Tijdens de mondelinge behandeling, die telefonisch plaatsvond vanwege de coronamaatregelen, zijn zowel de betrokkene als zijn advocate en een psychiater gehoord. De rechtbank heeft vastgesteld dat de Wvggz niet van toepassing is op de betrokkene, aangezien deze wet enkel van toepassing is op psychische stoornissen en niet op psychogeriatrische aandoeningen zoals vasculaire dementie. De rechtbank concludeert dat er geen andere feiten of omstandigheden zijn die een toepassing van de Wvggz rechtvaardigen.

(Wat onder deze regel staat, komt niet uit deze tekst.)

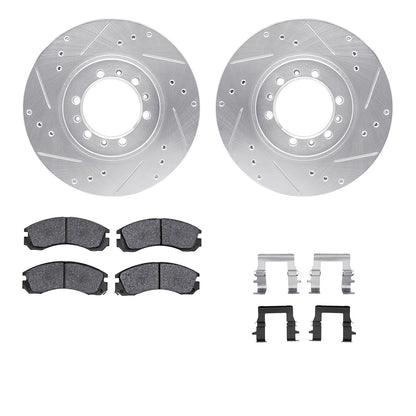 Dynamic Friction Company Disc Brake Kit 7312-72046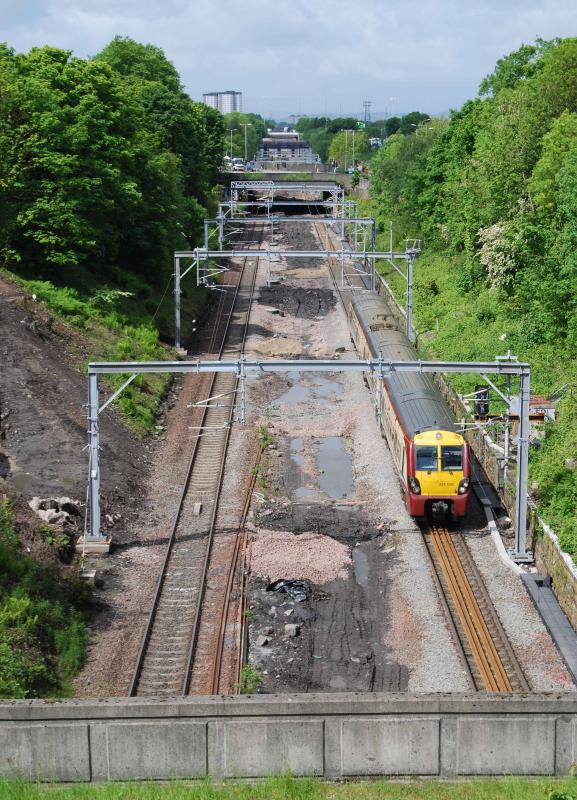 Photo of Paieley Corridor Up-grade Bellahouston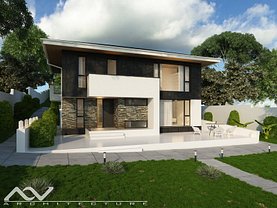 Casa de vânzare 5 camere, în Ostratu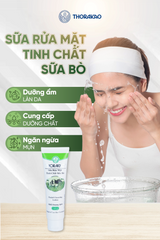 Sữa rửa mặt tinh chất sữa bò Thorakao 120g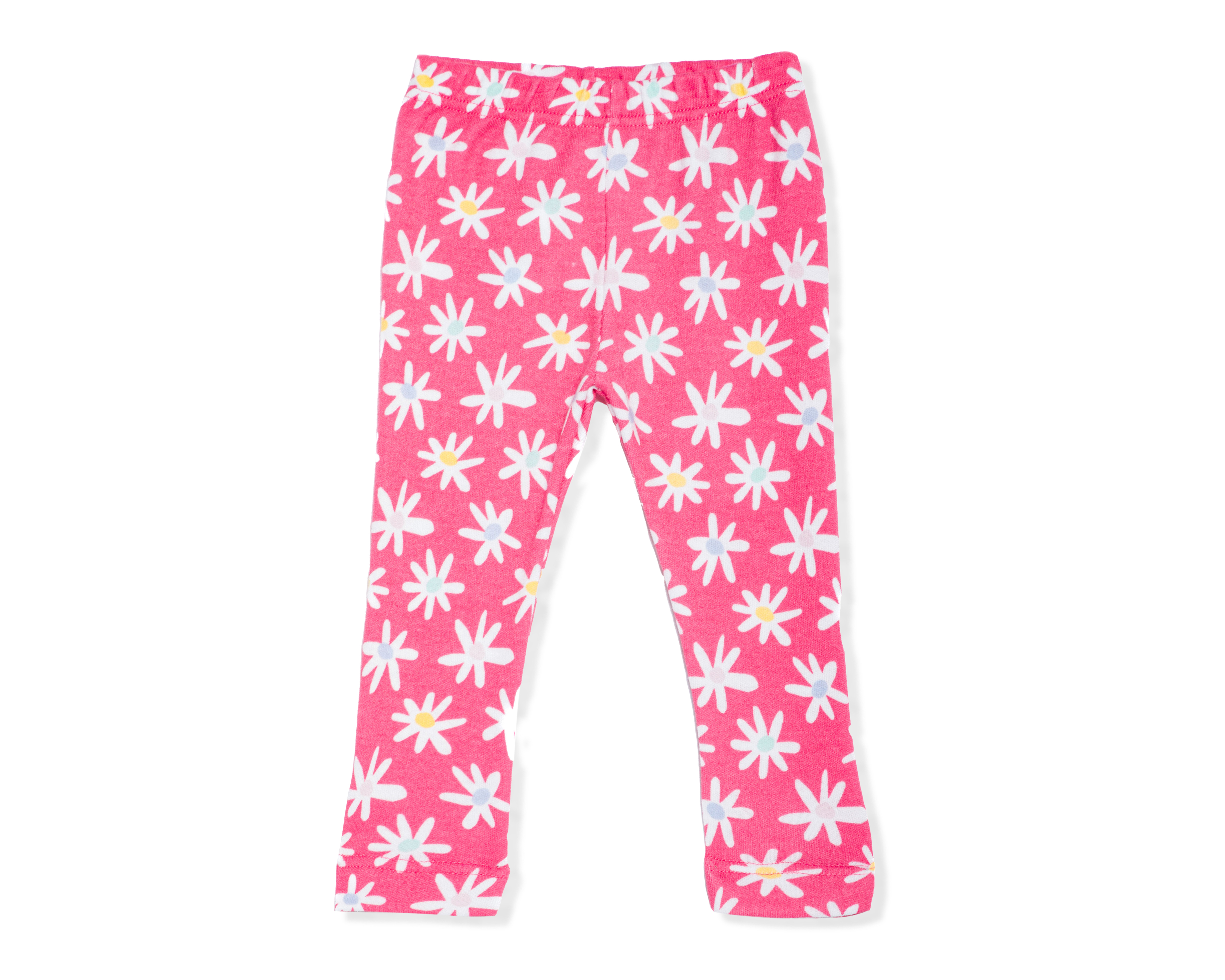 Foto 4 pulgar | Foto 3 | Pantalón para Bebé Niña Baby Colors 3 Piezas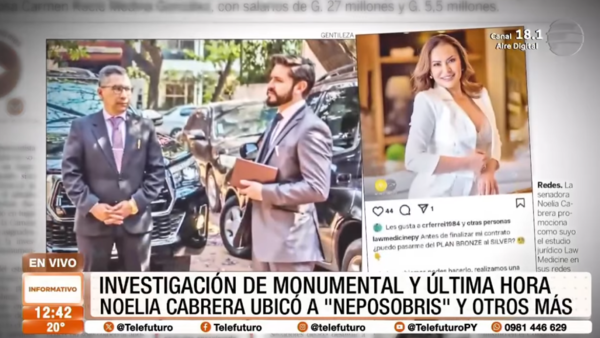 Noelia Cabrera ubicó a ''neposobris'' y otros más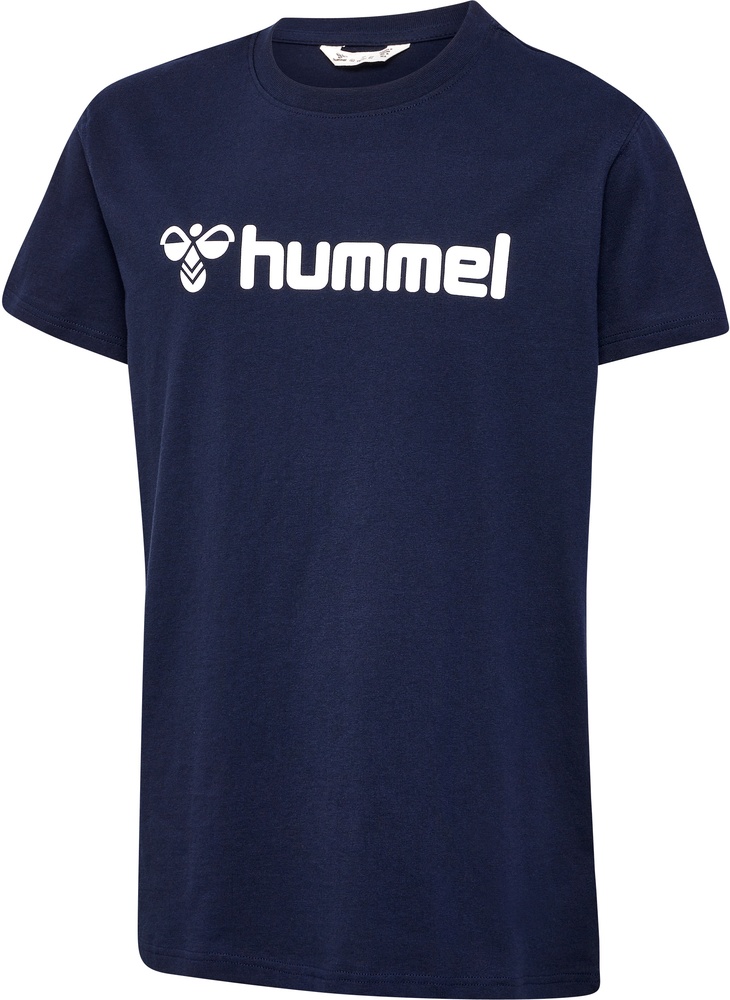HummelKinderT-ShirtTopHmlgo20LogoT-ShirtSSKidsMarine-116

De rechtbank heeft het verzoek tot voortzetting van de crisismaatregel dan ook afgewezen, met de overweging dat de argumenten van de officier van justitie niet voldoende zijn om de toepassing van de Wvggz te rechtvaardigen. De beschikking is mondeling gegeven door rechter R.B.M. Keurentjes en schriftelijk uitgewerkt op 25 maart 2020. Tegen deze beschikking staat het rechtsmiddel van cassatie open.

Uitspraak

RECHTBANK NOORD-NEDERLAND

Afdeling Privaatrecht
Locatie: Groningen
Zaaknummer / rekestnummer: C/18/197899 / FA RK 20-714
Afwijzing machtiging tot voortzetting van de crisismaatregel
Beschikking van
23 maart 2020naar aanleiding van het door de officier van justitie ingediende verzoek tot voortzetting van een crisismaatregel, als bedoeld in artikel 7:7 van de Wet verplichte geestelijke gezondheidszorg (Wvggz), ten aanzien van:
[Betrokkene] ,
geboren op [geboortedag] [geboortemaand] 1953,
wonende aan de [adres] ,
thans verblijvende bij [accommodatie] te Groningen,
hierna te noemen: betrokkene,
advocate: mr. M. Wierts, kantoorhoudende te Groningen.

1.Het procesverloop

1.1.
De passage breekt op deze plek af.